Raw data: Begin

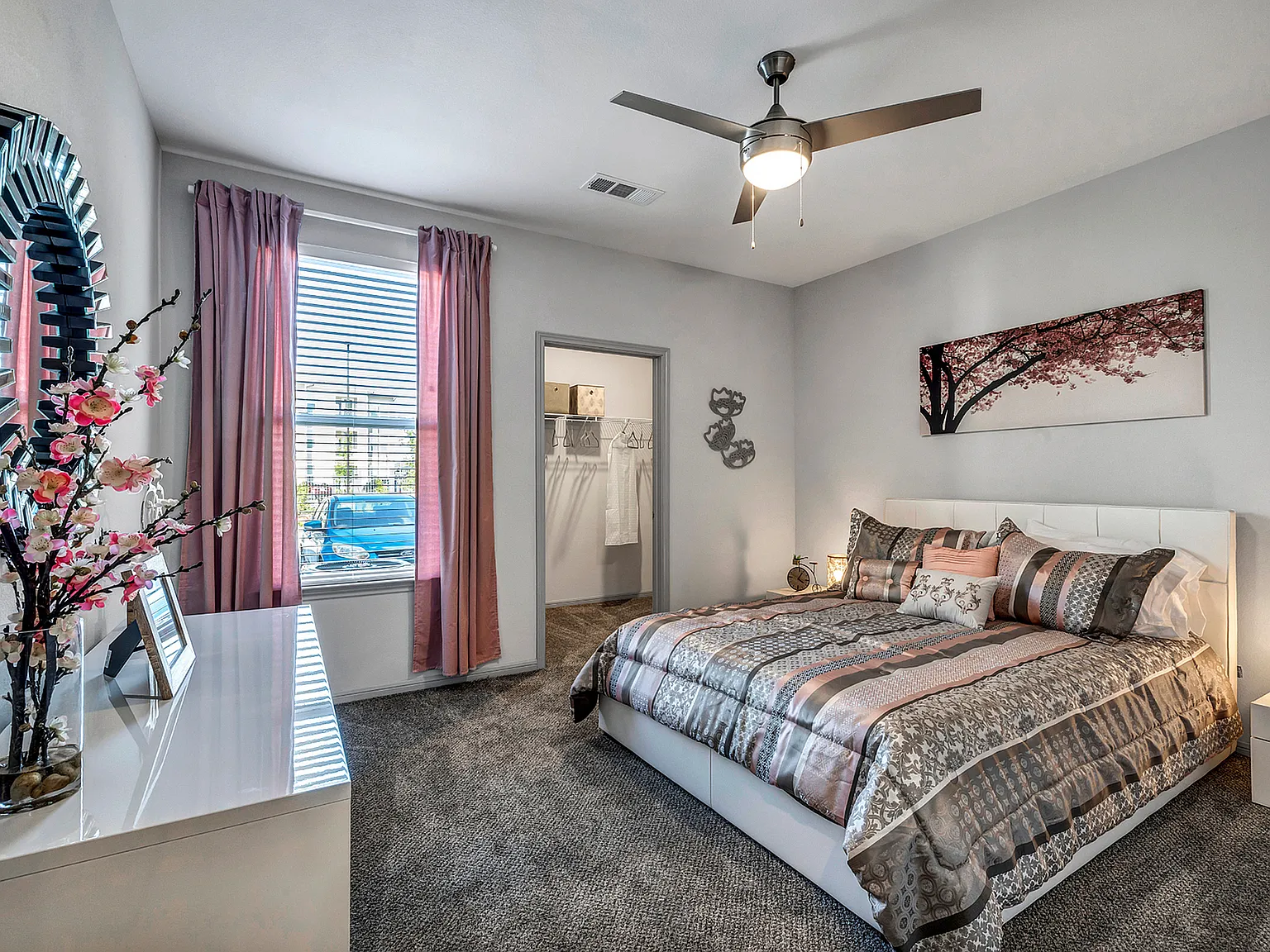 Haven at Bellaire — Photo 4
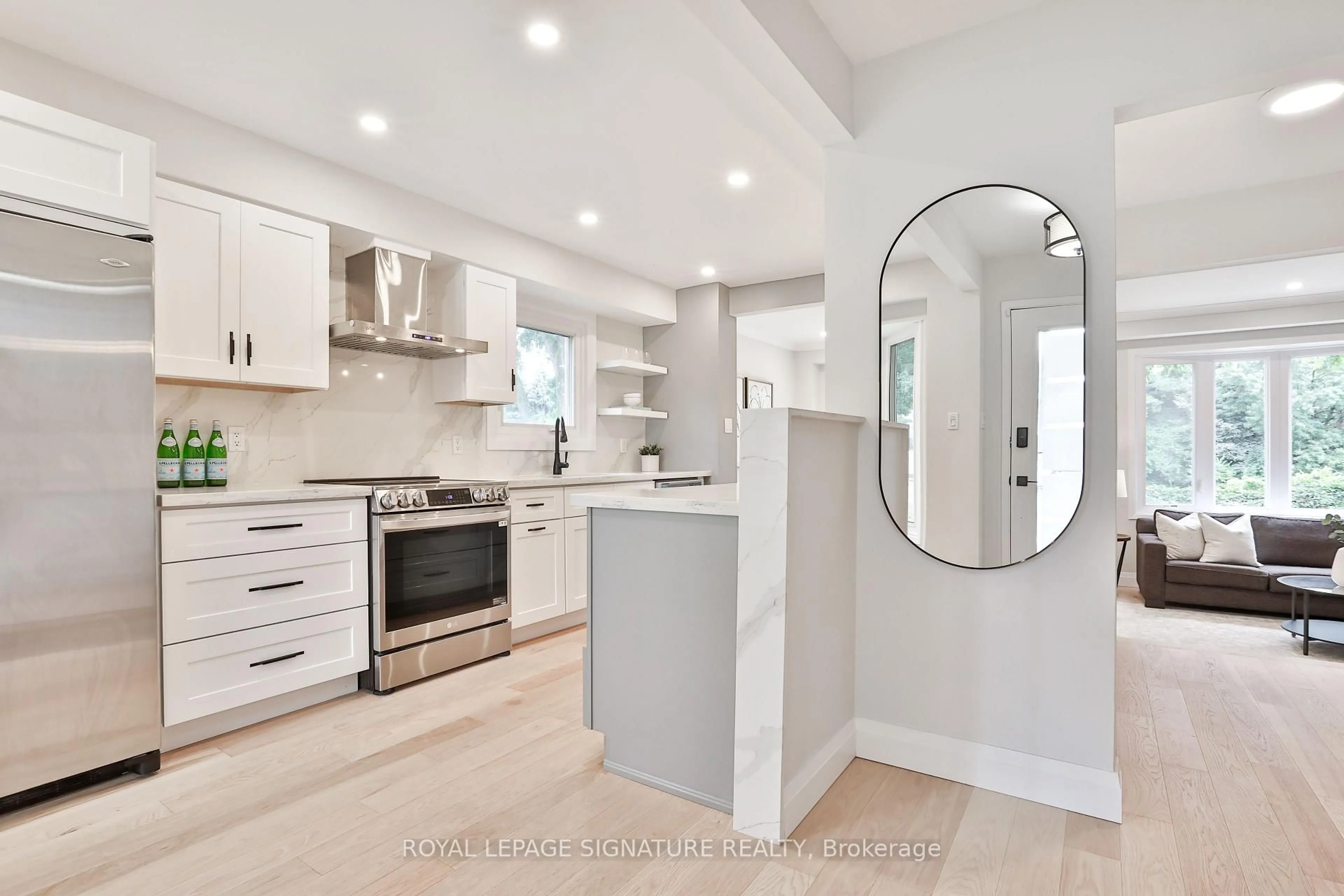 Open concept kitchen, unknown for 1880 Carrera Crt, Mississauga Ontario L5J 4R5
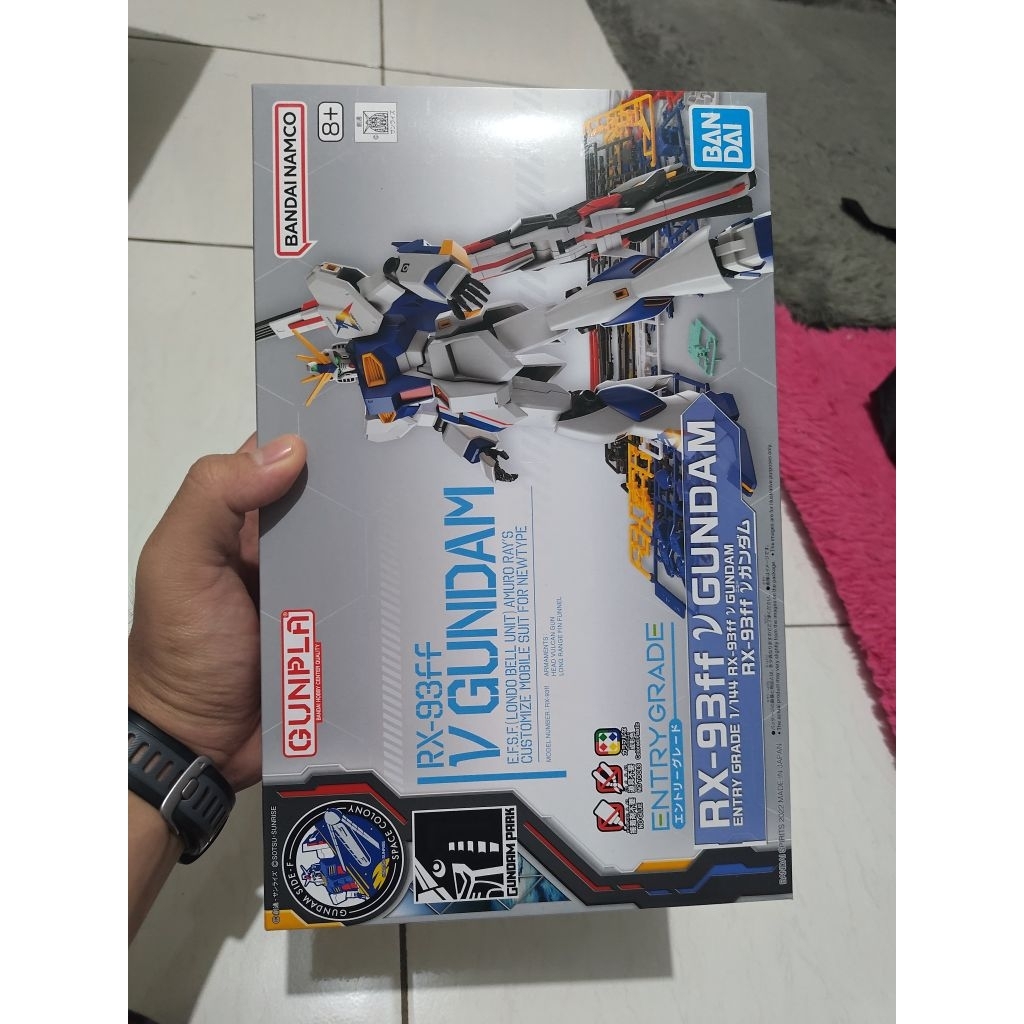 Bandai EG Entry Grade 1/144 RX-93ff Nu Gundam Fukuoka MIB (Belum Rakit)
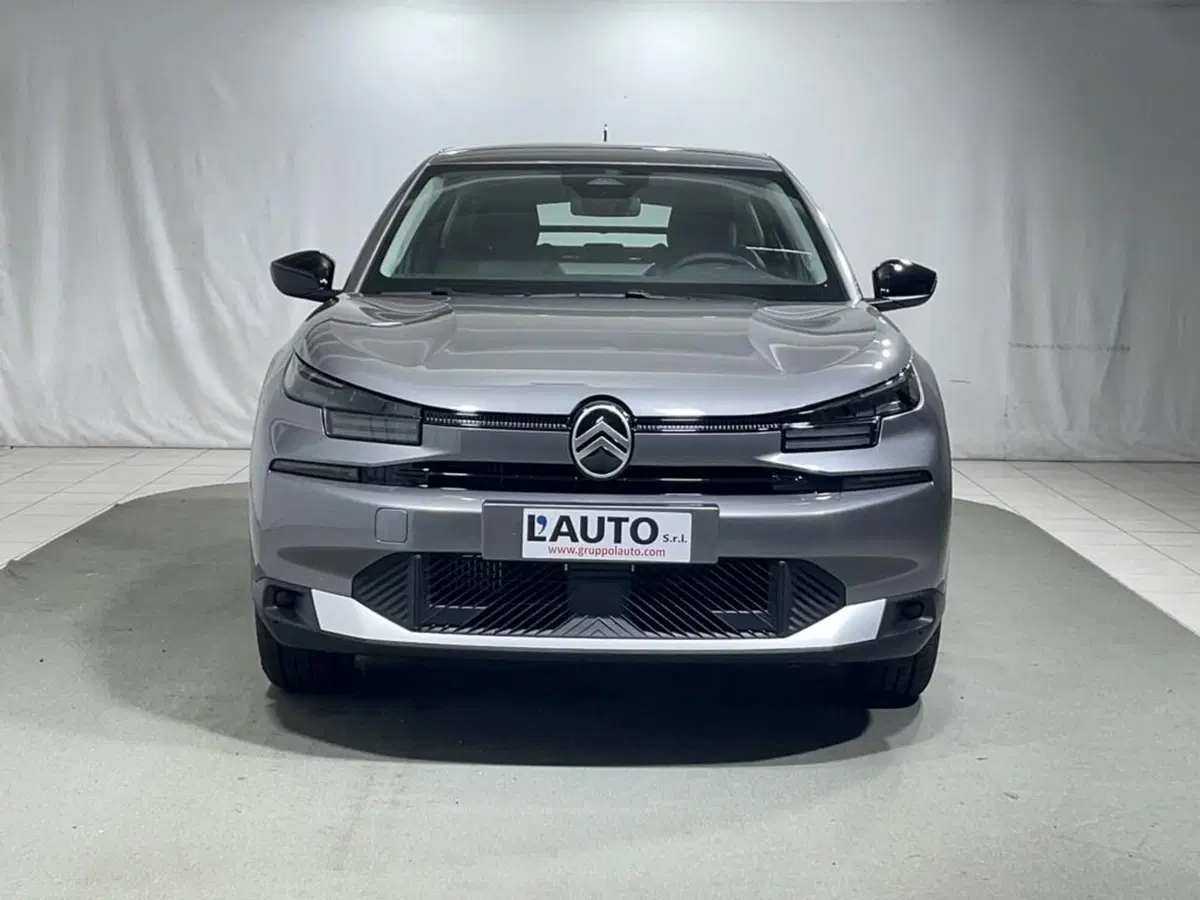 Citroen C4 nuova a Sondrio (8)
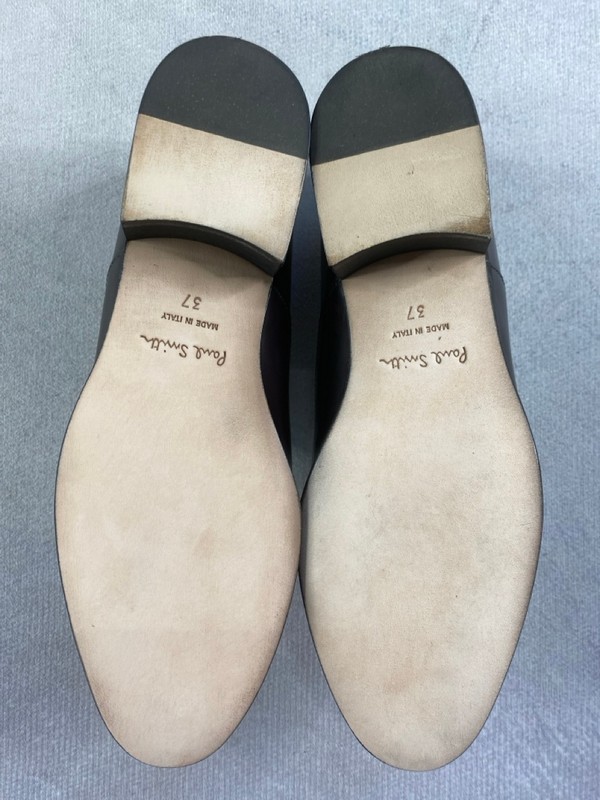 Lot 235  
            Nottingham Prem - Delivery Only 

                
PAUL SMITH MENS SHOES SIZE 37 - Image 4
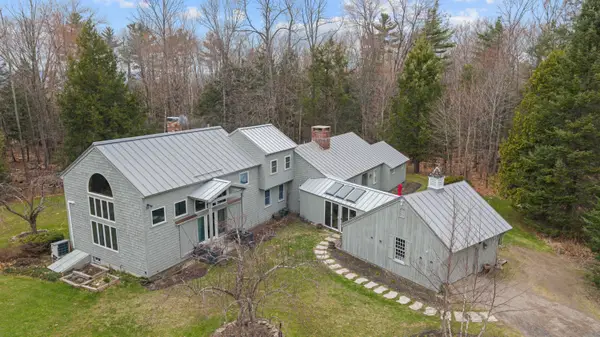 72 Smithfield Road, Belgrade, ME 04917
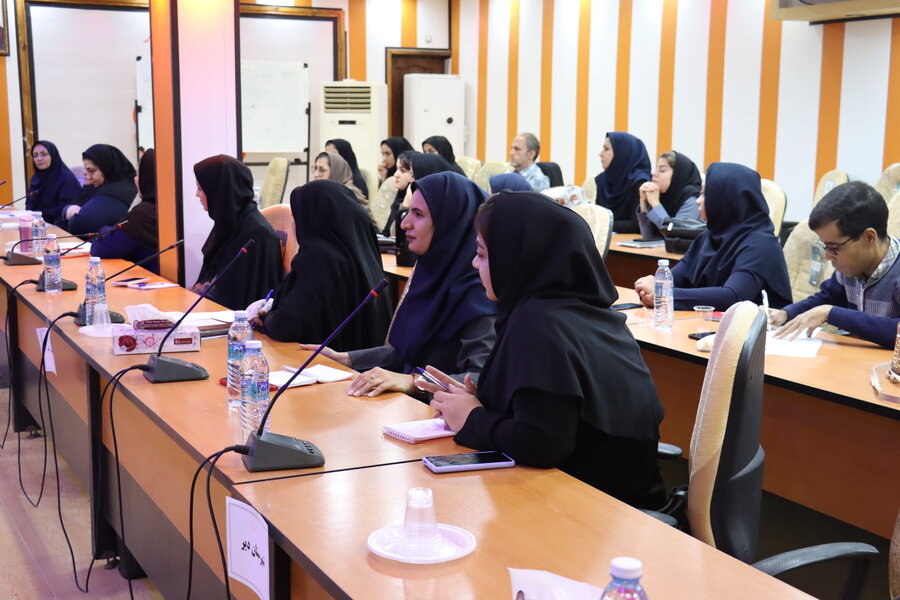 برگزاری دوره آموزشی راه اندازی و تشکیل گروه های همیار زنان سرپرست خانوار در بهزیستی استان بوشهر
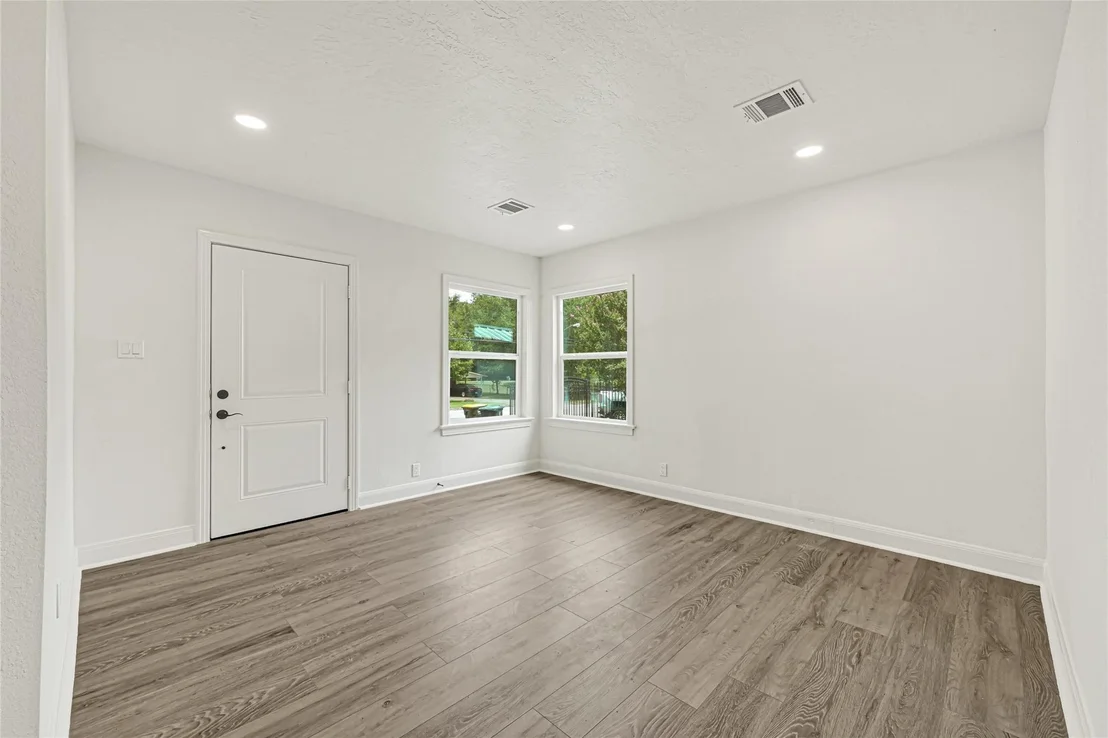 Photo of 1202 N Roberson Street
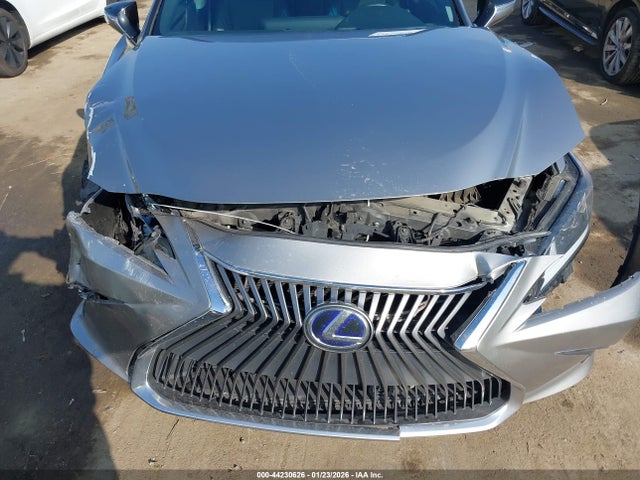58ACA1C14MU010098 Lexus ES 300H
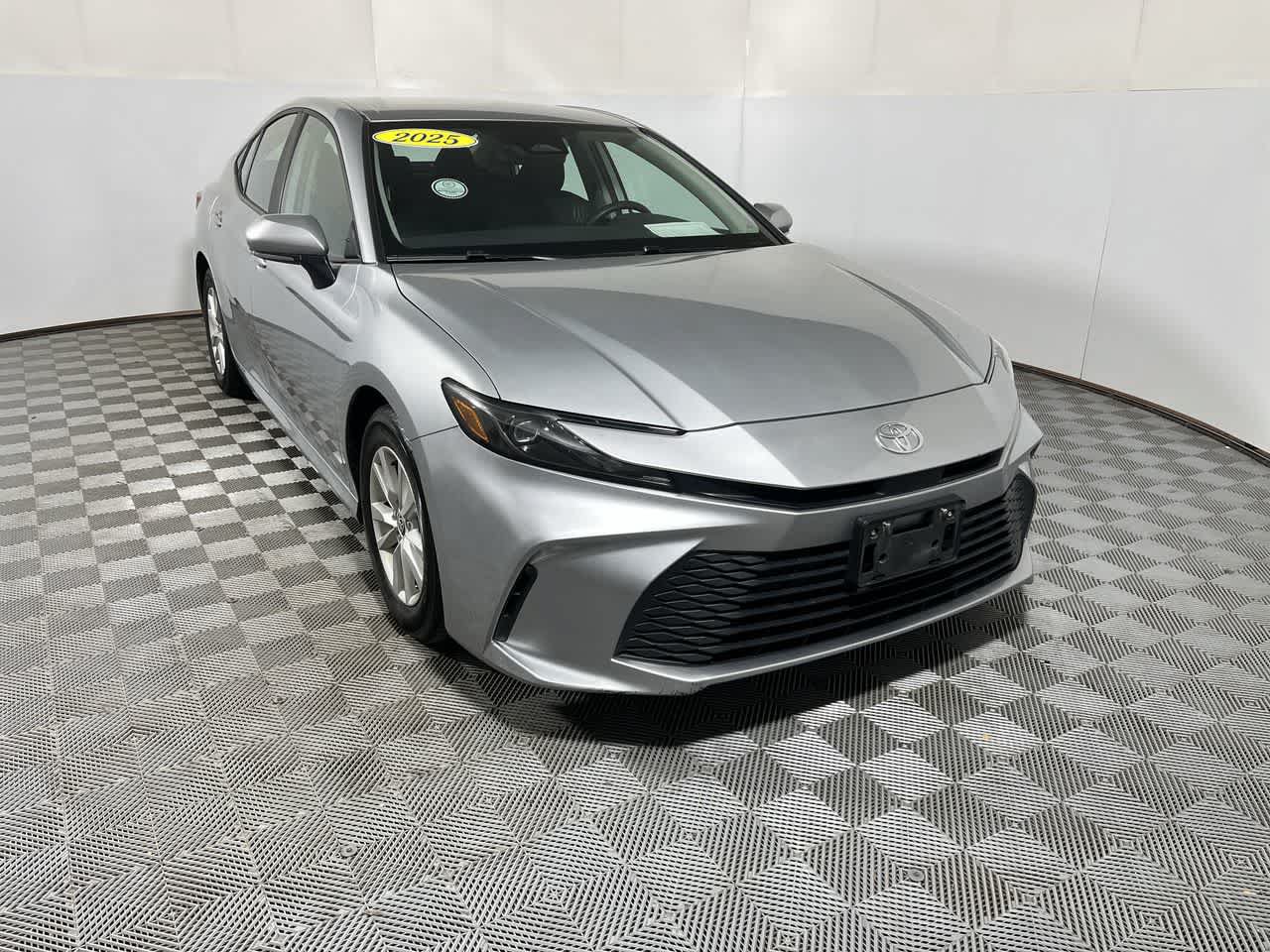 Used 2025 Toyota Camry LE FWD image 2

Raw data: End

Action item: All entries must come back exactly as written, though without their pictures.

Answer:
 Haven at Bellaire — Photo 4
 Open concept kitchen, unknown for 1880 Carrera Crt, Mississauga Ontario L5J 4R5
 Bandai EG Entry Grade 1/144 RX-93ff Nu Gundam Fukuoka MIB (Belum Rakit)
 Citroen C4 nuova a Sondrio (8)
 Lot 235  
            Nottingham Prem - Delivery Only 

                
PAUL SMITH MENS SHOES SIZE 37 - Image 4
 72 Smithfield Road, Belgrade, ME 04917
 برگزاری دوره آموزشی راه اندازی و تشکیل گروه های همیار زنان سرپرست خانوار در بهزیستی استان بوشهر
 Photo of 1202 N Roberson Street
58ACA1C14MU010098 Lexus ES 300H
 Used 2025 Toyota Camry LE FWD image 2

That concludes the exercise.